What would it take to unseat New York City’s iconic yellow cab as the king of the street hail?

Three thousand Ubers and a computer algorithm, according to a new study.

Although about 14,000 yellow cabs have licenses to roam the city, new research from the Massachusetts Institute of Technology suggests that the city’s transportation network could be supported with just a quarter of that — if passengers were willing to carpool through services such as Uber and Lyft.

In a six-month study, a team of researchers created an algorithm showing that 3,000 four-person cars could serve 98 percent of the city’s taxi demand, with wait times averaging only about 2.3 minutes. The algorithm, which draws from data from 3 million New York City taxi rides, “works in real-time to reroute cars based on incoming requests,” according to the researchers.
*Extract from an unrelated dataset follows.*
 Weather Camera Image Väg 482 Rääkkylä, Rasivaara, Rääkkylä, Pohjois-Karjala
It also sends idle cars to areas with high demand, speeding up service by 20 percent, the research team said.

Ride-hailing companies have their own algorithms for dispatching rides through their shared-ride systems, but the researchers said those mechanisms have limitations: for example, requiring that “user B” be along the same route as “user A” and — in some instances — requiring that all requests have poured in before a route is created.

The MIT algorithm is more complex and improves over time, the study’s authors said. And despite the study’s conclusions, they say, it’s not meant to harm the taxi industry. In a phone interview, professor Daniela Rus of MIT’s Computer Science and Artificial Intelligence Laboratory (CSAIL) said the findings simply show a city’s transportation infrastructure could support fewer cars on the road at any given time.
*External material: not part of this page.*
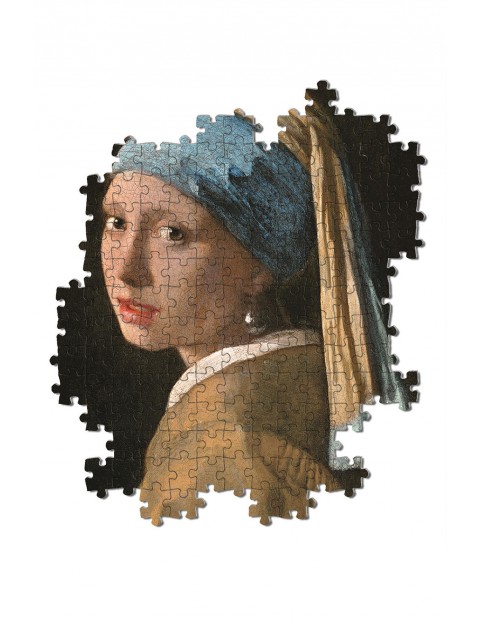 Puzzle 500 Museum VERMEER DZIEWCZYNA Z PERŁĄ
“We really see this as an opportunity to improve efficiency and improve the lives of drivers,” she said. “Instead of working 12-hour shifts, you could work six- or eight-hour shifts. And you would make the same amount of money because it’s the same transportation need, it’s the same level of payment that flows through the system.”

Researchers experimented with vehicles of various sizes. They found, for example, that 2,000 10-person vans could serve 98 percent of New York City’s taxi demand, with an average wait time of 2.8 minutes. The algorithm determines which size vehicle is best suited for the request.
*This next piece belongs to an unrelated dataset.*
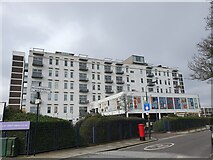 TQ2575 : The Piper Building, Fulham by Richard Rogerson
“To our knowledge, this is the first time that scientists have been able to experimentally quantify the trade-off between fleet size, capacity, waiting time, travel delay, and operational costs for a range of vehicles, from taxis to vans and shuttles,” Rus said in a statement. “What’s more, the system is particularly suited to autonomous cars, since it can continuously reroute vehicles based on real-time requests.”